LSTM-based GAN for simulating DNA sequence evolution

Notifications You must be signed in to change notification settings

smacra2/EvoSeqGAN

Repository files navigation

EvoSeqGAN

An LSTM-based WGAN-GP approach to simulating DNA sequence evolution. At the time of writing, EvoSeqGAN cannot use CuDNNLSTM due to lack of support for higher order gradients, so training is restricted to CPU.

A project undertaken at McGill University within the context of an MSc degree. See thesis Generative_Adversarial_Networks_Simulation_DNA_Sequence_Evolution.pdf for details. Paper to come later.

Data

The sequence alignment .maf files are available at http://repo.cs.mcgill.ca/PUB/blanchem/Boreoeutherian/. We used chr20.anc.maf for training.

The tree structure and nomenclature for species are available at http://hgdownload.cse.ucsc.edu/goldenpath/hg38/multiz100way/hg38.100way.nh. The ancestral sequences are labelled as (First character seq1)(First character seq2). For example, the most recent common ancestor of hg38 and panTro4 is _HP.
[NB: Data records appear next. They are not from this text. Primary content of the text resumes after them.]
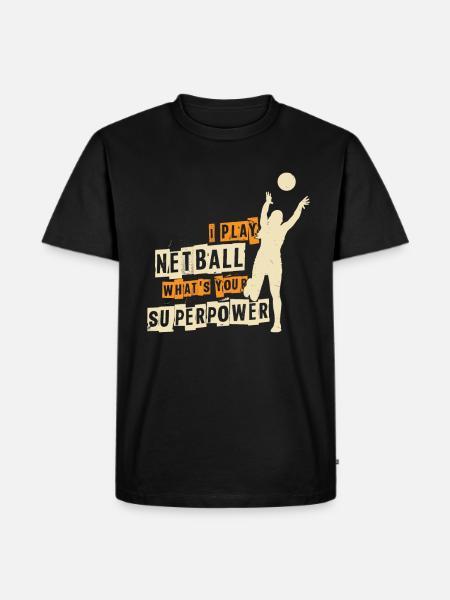 Netball superpower - Men's Premium Organic T-Shirt - black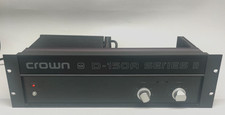 Crown D-150A Series II Stereo Amplifier POWERS ON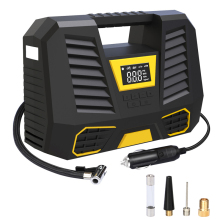 CARSUN Brand DC Portable Compressor Car Pump Inflator for Bicycle and Motorcycle Tires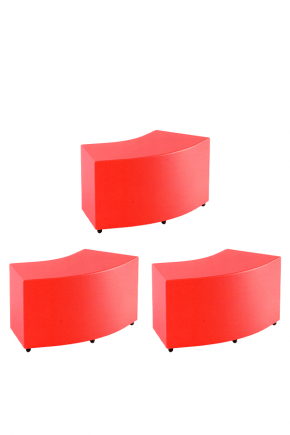 Tris POUF angolare 45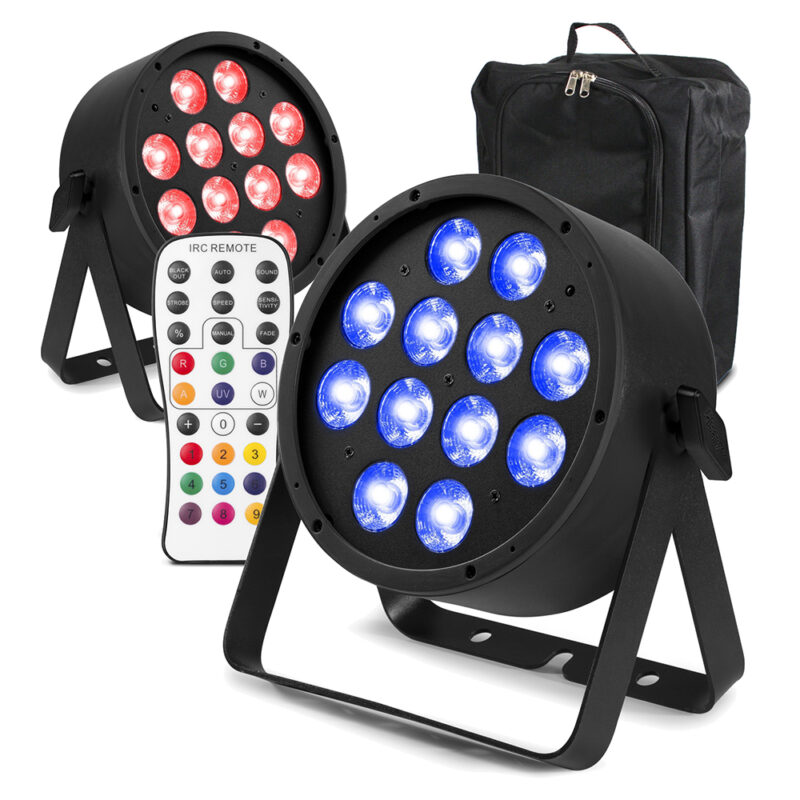 2x BeamZ Pro BAC330 Aluminium LED Par Can Light & Gearsak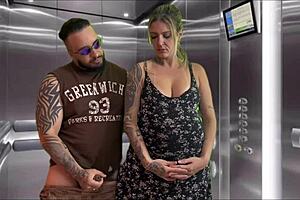 My pregnant neighbor craved intimacy inside our elevator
See raw data file sample Real_Alignments_500.000_Lines.txt for an idea.

Requirements

$ pip install -r dependencies.txt

Data cleaning

Run clean_data.py (substitution only models) or clean_data_indels.py (indel models). Modify arguments such as input file names, sequence tags, chunk size, etc., as required. Creates realData and testData files with desired chunk size.

Utilities

After cloning, make sure utility files decoder.py, decoder_indel.py, count_mutations.py, count_indels_mutation.py, evolution_test.py, extract_values_utlity.py, generator_output_test_onlydescendants.py, generator_indels_output_test_onlydescendants.py, and plot_metrics.py are in the main directory.

Training

Run conditional_wgan_onlydescendant.py (substitution only models) or conditional_wgan_indels_onlydescendant.py (indel models). Modify arguments such as input file name (on line 134 or 319, respectively), hyperparameters (top of each file), etc., as required. Generator and critic models are saved periodically and checkpoint-style.

Generating fake sequences

Requires a generator model file. Run generator_output_test_onlydescendants.py (substitution only models) or generator_indels_output_test_onlydescendants.py (indel models) with testData file. Modify arguments such as input generator model name, output file name, training length used, output test length desired, etc., as required.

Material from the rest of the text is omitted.